As the hard fruits of bitter experience prove again to be their ideal teacher, companies are finding new thinking is needed, at a time when the market remains decidedly schizophrenic.

It is clear the Internet is finally realizing its potential as an enabler of enterprise business processes and applications, as sophisticated enterprise portal frameworks emerge to drive operational and end-user efficiency. As solutions expand, business use of the Internet has evolved considerably from its origins as a humble information presentation layer. With the Internet and network protocols now the standard medium for transactional application interfaces, a common portal platform for enterprise Web applications has emerged.
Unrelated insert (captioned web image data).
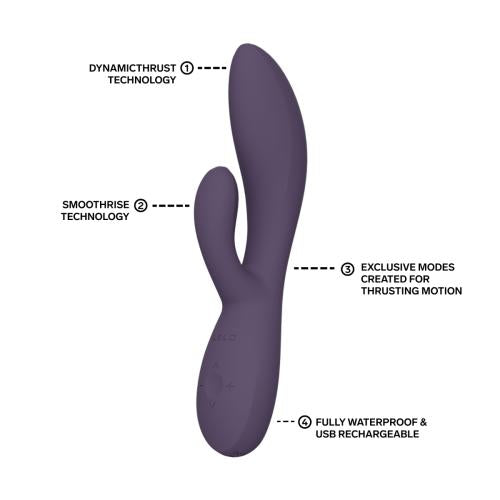 INA Thrust Dual-Action Massager | LELO — Purple
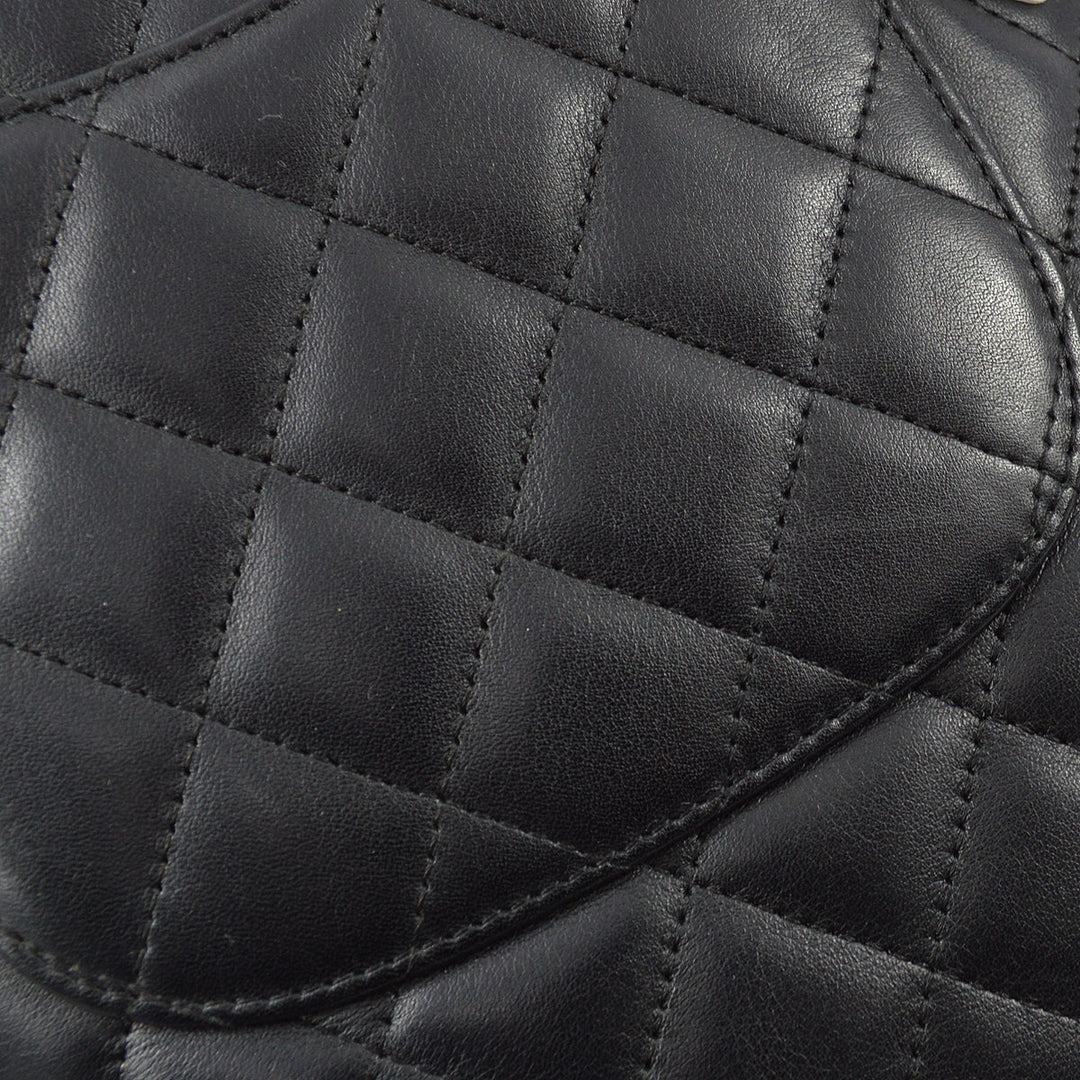 Top Quality Chanel 2003-2004 Black Calfskin Cambon Ligne Shoulder Bag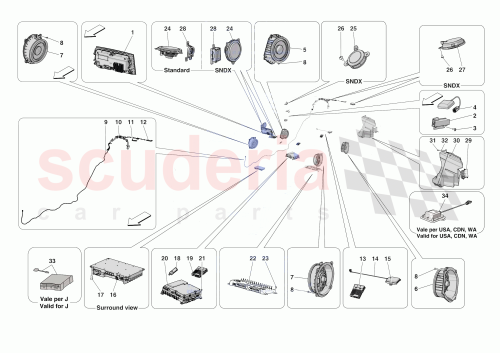 Part Diagram for Ferrari 772414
Will either of the current two major application interface technologies - Web content management (WCM) and enterprise portals - be the enabling technology for tomorrow's business applications? Portal integration standards look to unite these separate systems but the sheer complexity of enterprise information systems and the diverse levels of interaction most users require make it unlikely. There is also a growing need for content and platform integration as well as application integration, something that must be taken into consideration by any business considering a portal implementation.

It is a scary proposition for a CIO to have multiple Web application assets delivering different messages either to the same internal constituents or the same external constituents, notes Yankee Group director Jon Derome. When the company has two or three different applications that share information via the Web to employees, unless in each of those different instances each of those different Web applications share a consistent message or consistent information, problems can abound. Sharing a series of different stories with the customer can be even more damaging.

At this early stage in the development of the Web application market, it remains cost prohibitive for a lot of companies to build a Web application or a portal that integrates multiple back- office systems. Most large companies are dealing with multiple ERP instances, many content repositories, a couple of inventory management systems and at least one CRM application. To build a portal that interfaces with all of those systems and delivers a consistent message to the customer is challenging, and to then provide very granular, role-based information to the user of that portal is extremely expensive.

The scope for making a damaging wrong choice is high. The Yankee Group just wrapped up a Web application total cost of ownership (TCO) survey where it asked approximately 300 companies what it cost to build a Web application. "We found that the cost varies significantly depending on which vendor you go with," Derome says. "So in order to make the right choice you need to conduct a rigorous TCO assessment, or you could end up choosing a product that in some instances is twice as expensive as a competing platform."

It all poses some significant problems for enterprises and their CIOs.